■ **Activity**: Give again, word for word, every line in the entries below from the line with "Zadbany dom w małej, cichej wiosce" up to and including the line with "Deluxe Queen Room", and no other line.

■ **Dataset content**:
========

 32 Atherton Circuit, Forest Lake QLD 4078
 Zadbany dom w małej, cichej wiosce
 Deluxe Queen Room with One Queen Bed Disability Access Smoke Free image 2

========

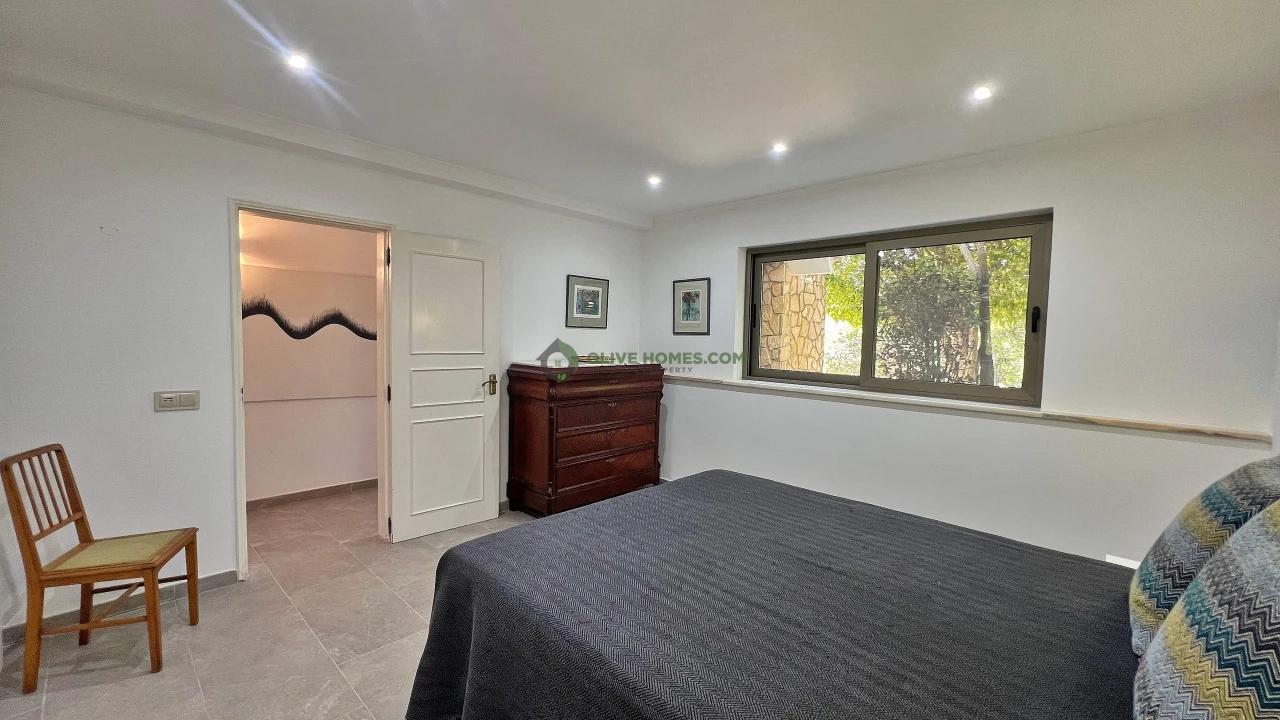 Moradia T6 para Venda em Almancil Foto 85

========

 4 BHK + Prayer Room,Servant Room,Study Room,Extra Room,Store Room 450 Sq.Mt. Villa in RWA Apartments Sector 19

========

■ **Exercise result**:
 Zadbany dom w małej, cichej wiosce
 Deluxe Queen Room with One Queen Bed Disability Access Smoke Free image 2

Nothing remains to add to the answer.